◆ ASSIGNMENT ◆
Retype, without changes or pictures, only the lines that begin at the one containing "unfurnished living room" and end at the last line of the records that follow.
DATA SECTION START
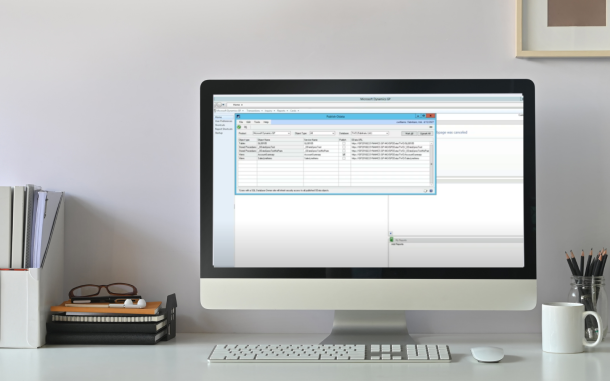 Image of computer on desk with Reporting Module
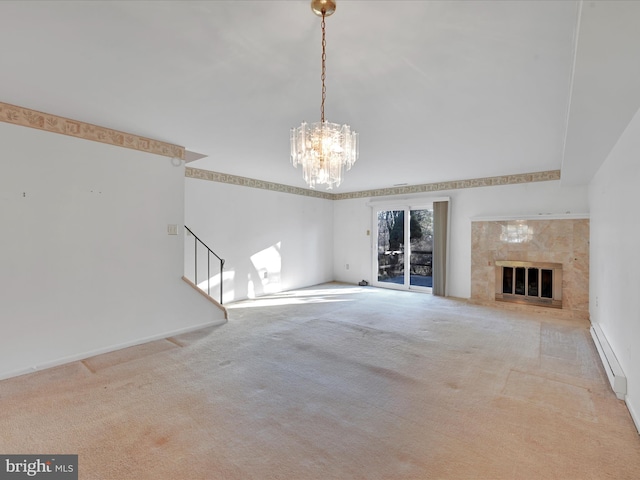 unfurnished living room with baseboard heating, a high end fireplace, carpet floors, and a chandelier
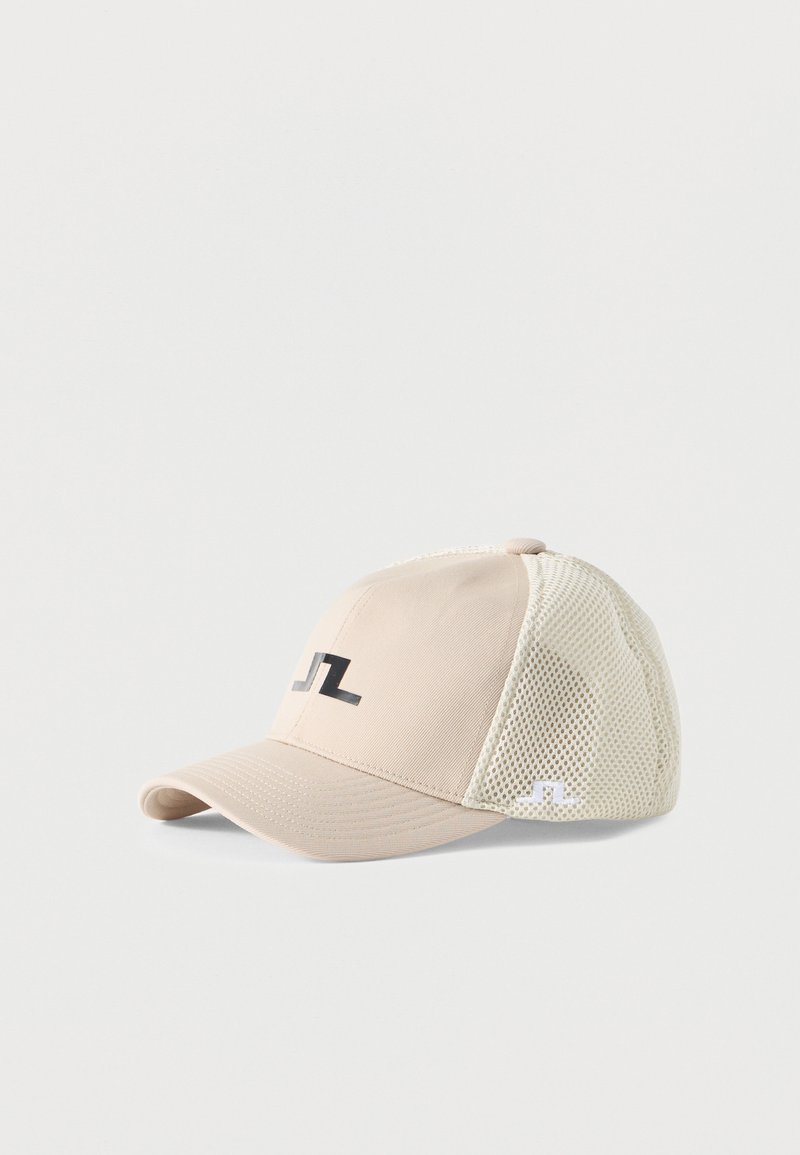 Μπεζ καπέλο μπέιζμπολ με πίσω πάνελ από δίχτυ και μαύρο-άσπλο λογότυπο μπροστά και στο πλάι, τοποθετημένο σε λευκό φόντο.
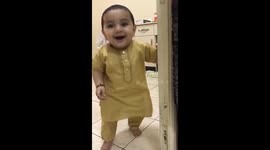 Cute baby trying to stand for the first time!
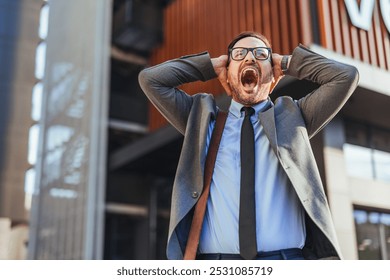 A stressed businessman expressing frustration outdoors in a city environment, captured with an expressive gesture and open mouth, conveying emotions of stress and tension in a business setting. - Powered by Shutterstock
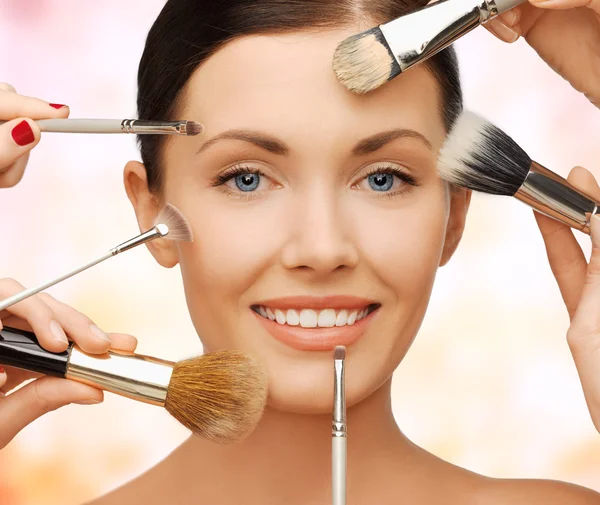 Happy woman applying professional make-up — Stock Photo, Image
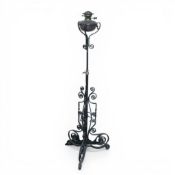 Benson-style wrought iron and copper standard oil lamp, on a tripod base with ornate curved feet.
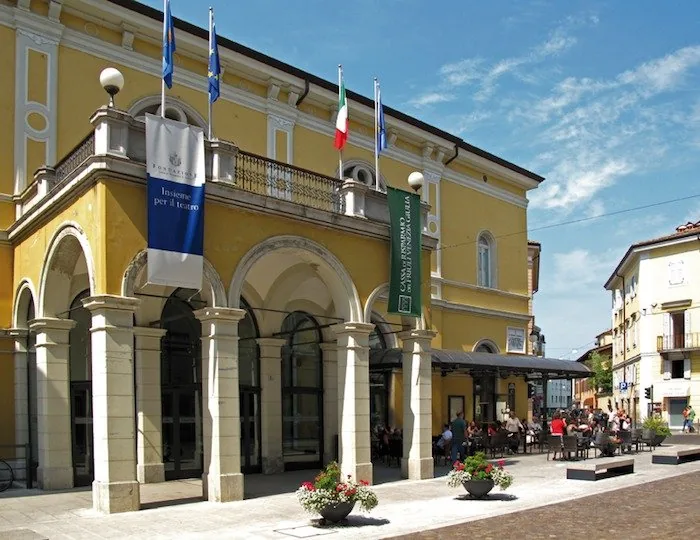 Teatro Verdi Gorizia exterior with banners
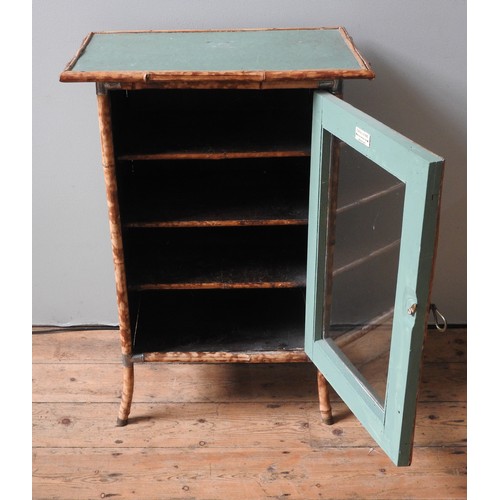 32 - A GREEN PAINTED BAMBOO CABINET, the glazed panel door opening to reveal three interior shelves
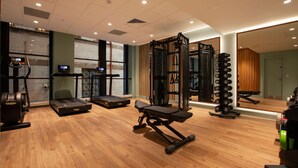 A gym with treadmills, weight machines, and a squat rack. - The Address Glasgow (Glasgow)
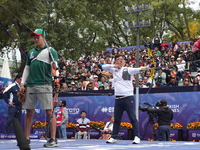 Kim Woojin of Korea and Matias Grande of Mexico compete during the Men's recurve semifinals match on the final day of the Tlaxcala 2024 Arch...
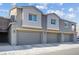 Charming townhome with well-maintained landscaping and attached garages at 4465 Shimmering Skies St # 1177, North Las Vegas, NV 89031
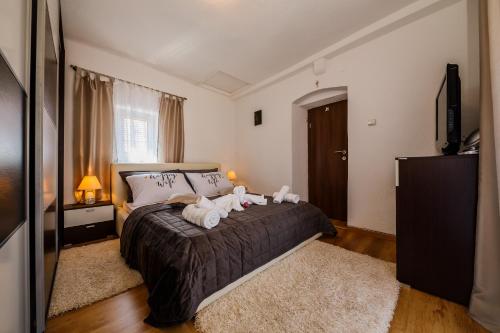 Posteľ alebo postele v izbe v ubytovaní Central Apartment Castle Cippico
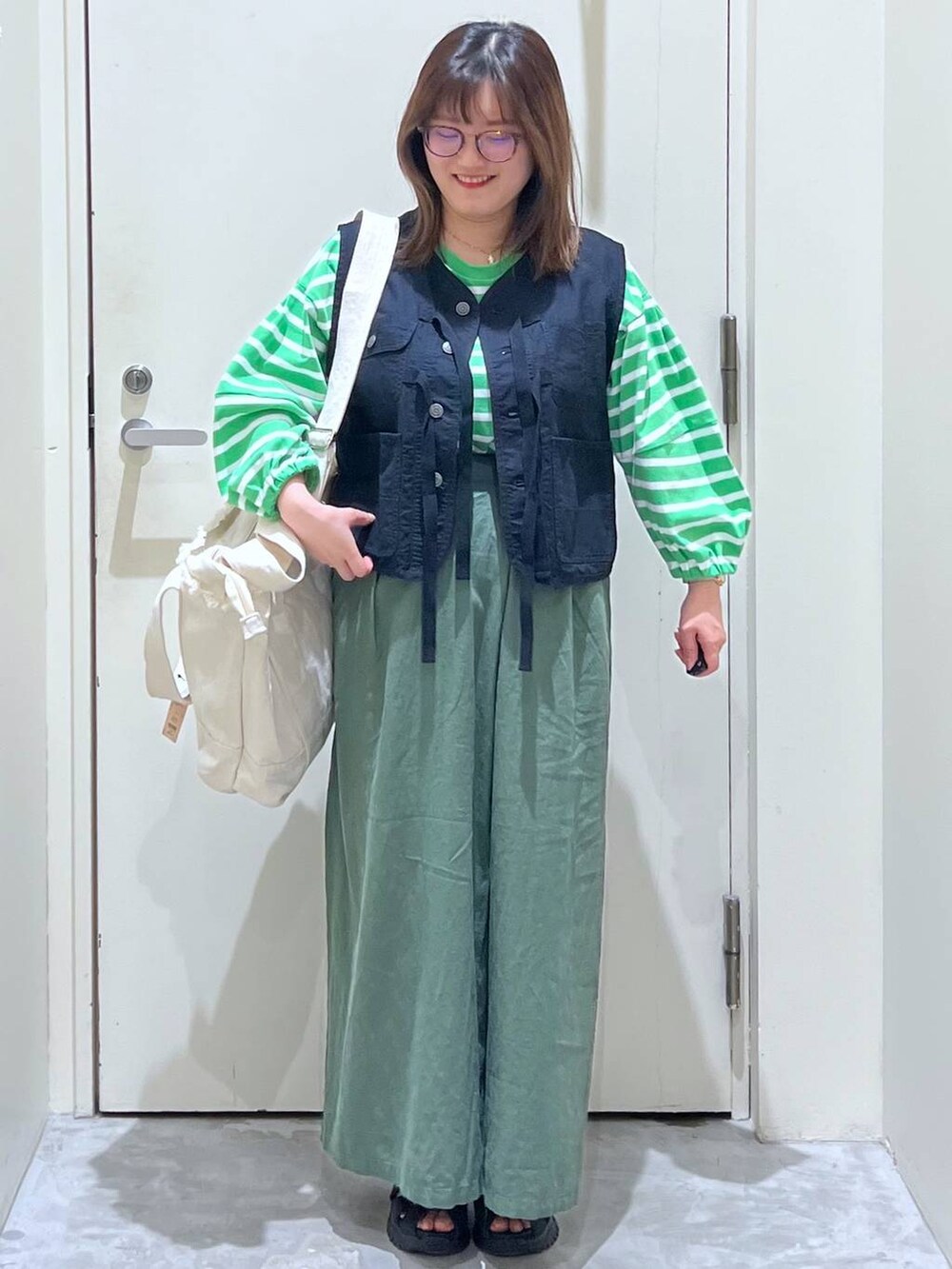 ベージュ系のショルダーバッグ、ブラック系のサンダル、ブラック系のベストを着用したレディースの春コーディネートの2枚目の写真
DATA SECTION END
◆ EXPECTED ANSWER ◆
 unfurnished living room with baseboard heating, a high end fireplace, carpet floors, and a chandelier
 Μπεζ καπέλο μπέιζμπολ με πίσω πάνελ από δίχτυ και μαύρο-άσπλο λογότυπο μπροστά και στο πλάι, τοποθετημένο σε λευκό φόντο.
 Cute baby trying to stand for the first time!
 A stressed businessman expressing frustration outdoors in a city environment, captured with an expressive gesture and open mouth, conveying emotions of stress and tension in a business setting. - Powered by Shutterstock
 Happy woman applying professional make-up — Stock Photo, Image
 Benson-style wrought iron and copper standard oil lamp, on a tripod base with ornate curved feet.
 Teatro Verdi Gorizia exterior with banners
 32 - A GREEN PAINTED BAMBOO CABINET, the glazed panel door opening to reveal three interior shelves
 A gym with treadmills, weight machines, and a squat rack. - The Address Glasgow (Glasgow)
 Kim Woojin of Korea and Matias Grande of Mexico compete during the Men's recurve semifinals match on the final day of the Tlaxcala 2024 Arch...
 Charming townhome with well-maintained landscaping and attached garages at 4465 Shimmering Skies St # 1177, North Las Vegas, NV 89031
 Posteľ alebo postele v izbe v ubytovaní Central Apartment Castle Cippico
 ベージュ系のショルダーバッグ、ブラック系のサンダル、ブラック系のベストを着用したレディースの春コーディネートの2枚目の写真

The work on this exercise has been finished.